THE DATA Block Start

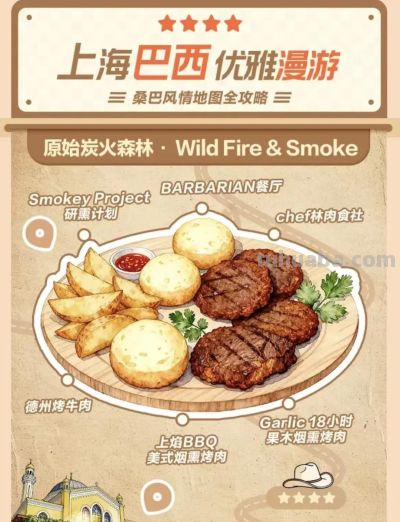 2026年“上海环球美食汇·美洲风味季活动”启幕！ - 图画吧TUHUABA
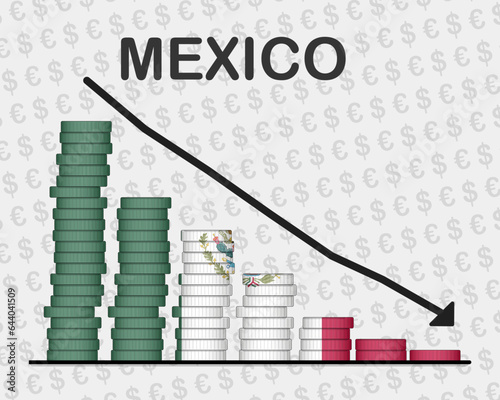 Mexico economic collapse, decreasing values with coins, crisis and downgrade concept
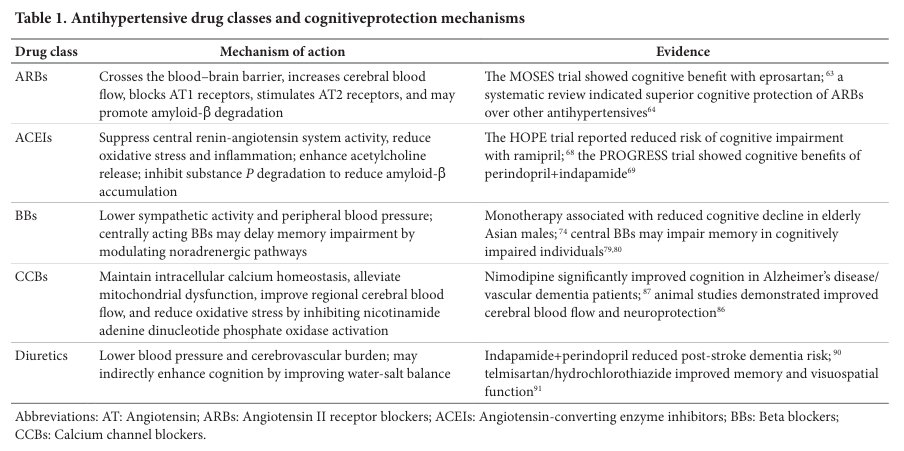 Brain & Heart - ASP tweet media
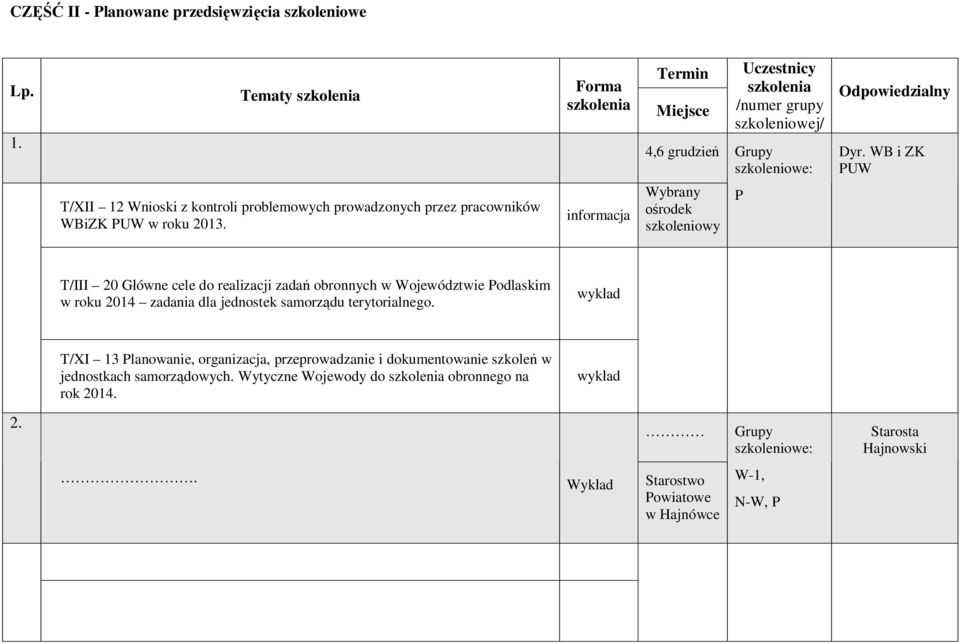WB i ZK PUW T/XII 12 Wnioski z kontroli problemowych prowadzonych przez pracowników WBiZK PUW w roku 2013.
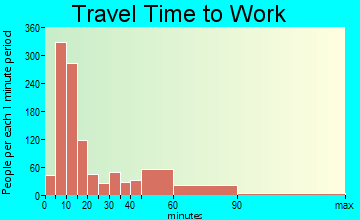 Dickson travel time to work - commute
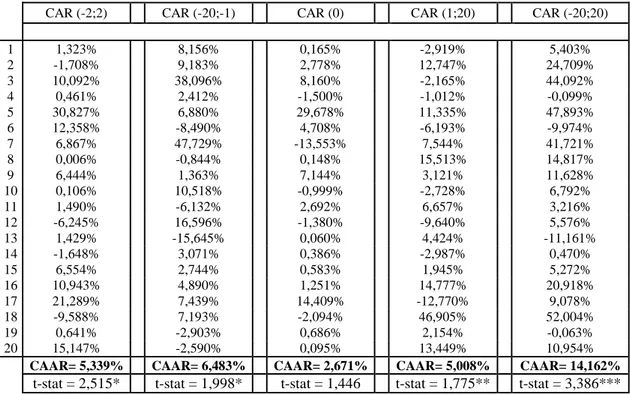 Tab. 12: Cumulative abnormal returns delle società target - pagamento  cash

THE DATA Block End
THE DATA Block Start

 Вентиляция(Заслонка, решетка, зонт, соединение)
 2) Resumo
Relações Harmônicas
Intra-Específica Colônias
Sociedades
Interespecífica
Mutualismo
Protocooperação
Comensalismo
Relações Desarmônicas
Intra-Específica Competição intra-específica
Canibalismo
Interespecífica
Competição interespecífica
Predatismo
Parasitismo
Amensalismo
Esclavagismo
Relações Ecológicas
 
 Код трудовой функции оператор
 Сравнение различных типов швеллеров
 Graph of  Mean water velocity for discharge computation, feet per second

THE DATA Block End

### TASK DIRECTIONS
Using the records above, print exactly the lines between the ones containing "Dickson travel time to work - commute" and "Tab. 12: Cumulative", inclusive, and nothing else; no pictures.

### EXERCISE ANSWER
 Dickson travel time to work - commute
 Tab. 12: Cumulative abnormal returns delle società target - pagamento  cash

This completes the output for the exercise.